BEGIN

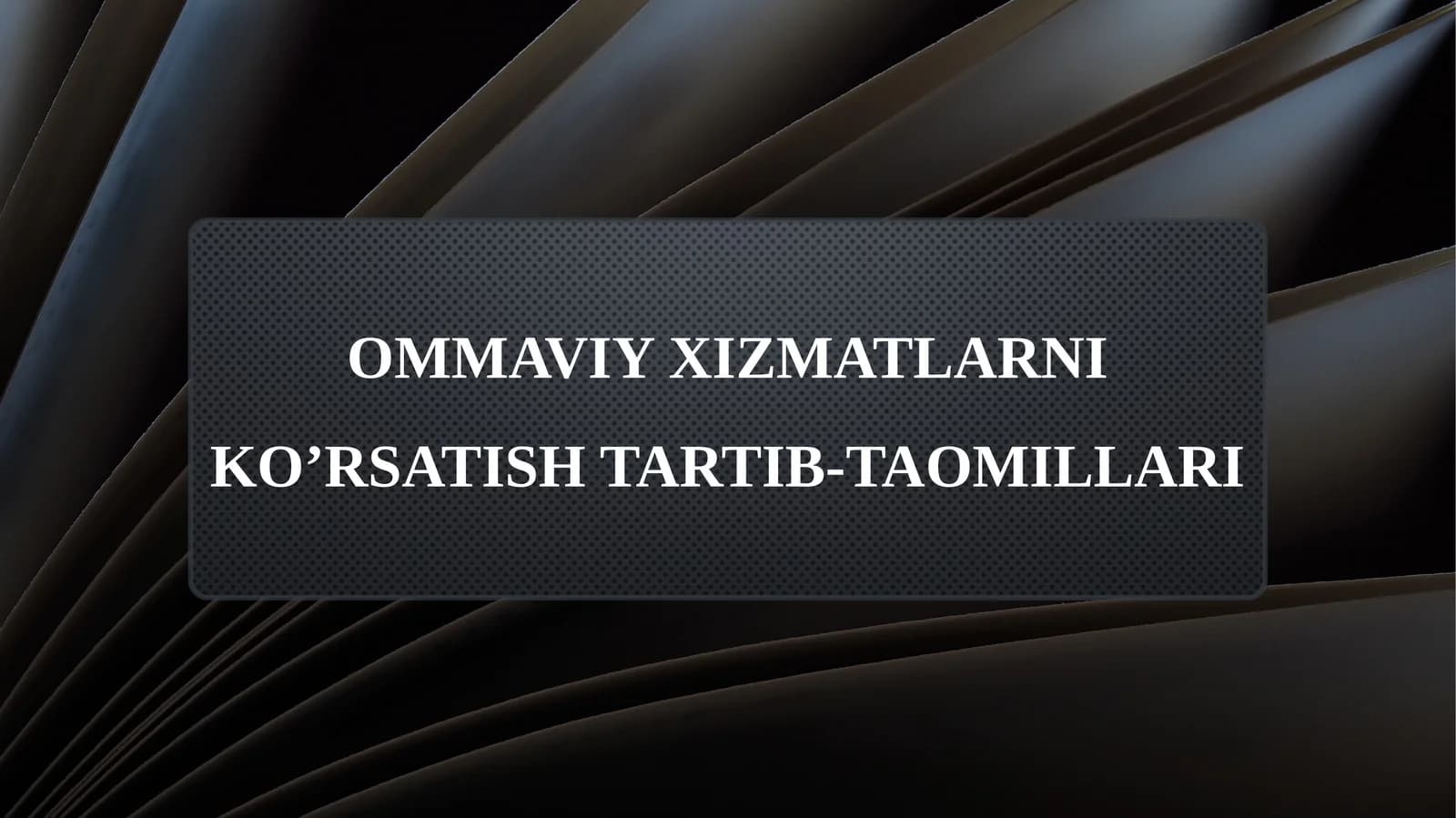 OMMAVIY XIZMATLARNI KO’RSATISH TARTIB-TAOMILLARI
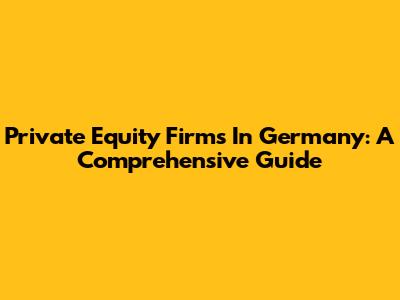 Private Equity Firms In Germany: A Comprehensive Guide
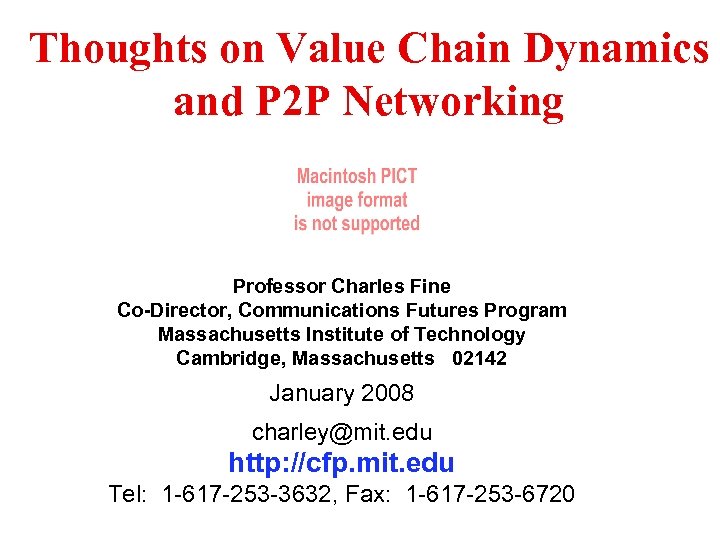 Thoughts on Value Chain Dynamics and P 2 P Networking Professor Charles Fine Co-Director,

END

### YOUR OBJECTIVE
The expected answer is the data retyped exactly, without pictures.

### RESULT
 OMMAVIY XIZMATLARNI KO’RSATISH TARTIB-TAOMILLARI
 Private Equity Firms In Germany: A Comprehensive Guide
 Thoughts on Value Chain Dynamics and P 2 P Networking Professor Charles Fine Co-Director,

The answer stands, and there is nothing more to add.